Chickpeas w/ fine herbes

I have this recurring dream. I’m in my old bedroom in the house where I grew up. I’m surprised to find piles and piles of clothes in the cupboards. Clothes I’d never known about – clothes that I could have and should have worn, but inexplicably never did. They’re stale and horrible and full of moths. In the dream I alway wonder if I could clean them and wear them, but I know that it wouldn’t really work. I’ve always interpreted the dream as being about lost opportunities. Career paths I could have taken but chose not to, films I should have made, novels I should have written. Well, the other night I had a dream that we lived in this strange house. Part of it broke away to reveal rooms upon rooms that we hadn’t known were there. And there were kitchens! Lovely kitchens, painted blue-green and butter yellow. Well-equipped kitchens, with large lovely windows. We were delighted! And I’m going to interpret this dream as opportunities yet-to-come, opportunities right before us that we’re just starting to see. Beautiful and dreamy.

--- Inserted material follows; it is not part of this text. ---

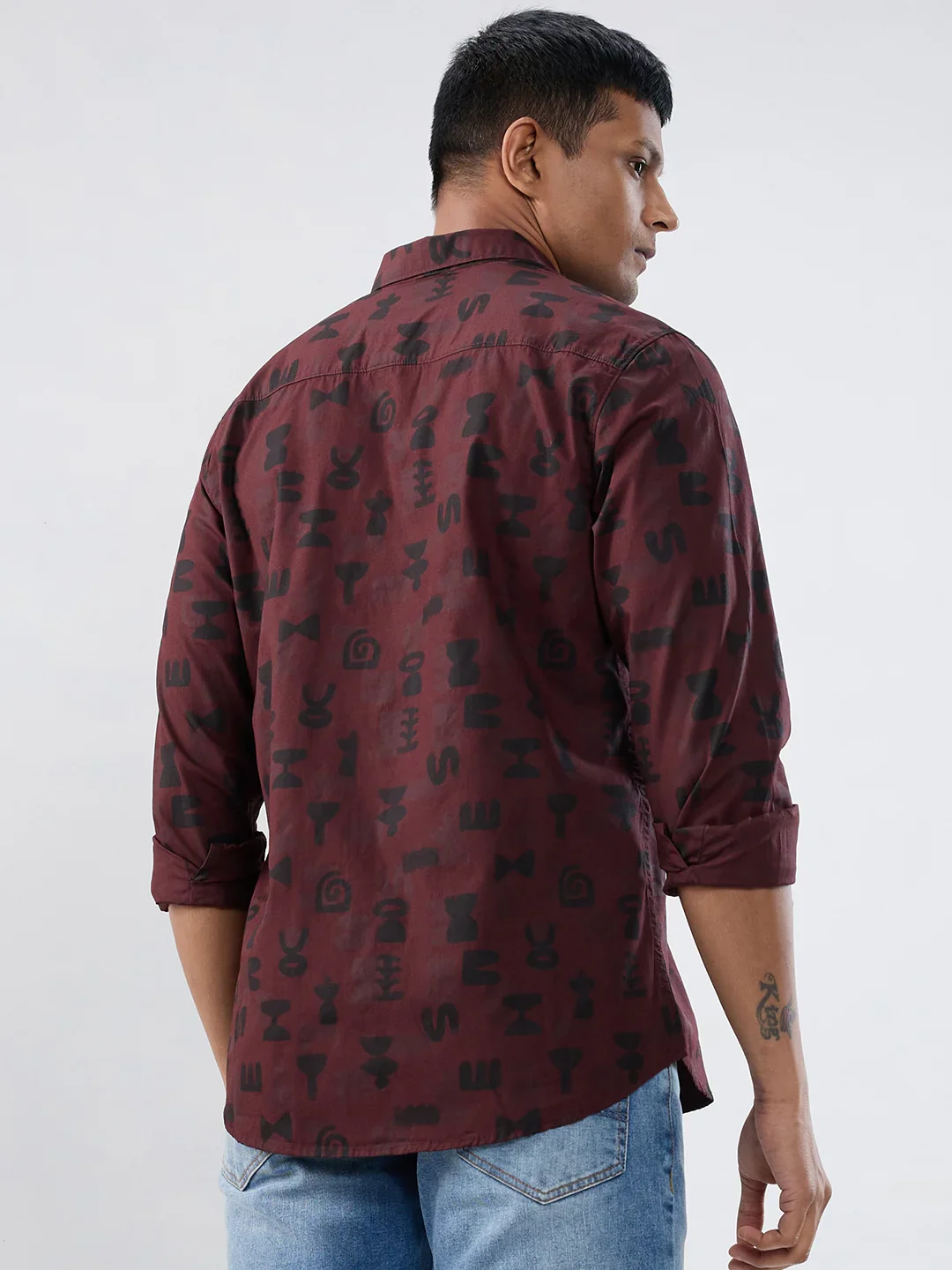 Men Shirt Print Red Regular Fit - Image 6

And I should probably warn you that we’re in greens season, at the moment, here at The Ordinary. In our CSA box we received kale, chard, spinach, and turnips with lovely perfect leaves. So there will be greens recipes! Every kind you can imagine! Fasten your seatbelts! I was inspired to make this dish because we’re growing chervil. Chervil is lovely. It’s pretty and delicate and fernlike and has a subtle anise/lemon flavor. As I understand it, chervil is one of the fines herbes, along with tarragon, chives and parsley. So I mixed these with some chickpeas, and some greens, and some artichokes and zucchini, and served it with pearl couscous and giant puffy flatbread, which I’ll tell you about after I get a few chores done. This isn’t the prettiest dish you’ve ever eaten, but what it lacks in visual flash, it more than makes up in wonderful flavor.

Here’s Stranger Cole with The Time is Now. He’s my new fave!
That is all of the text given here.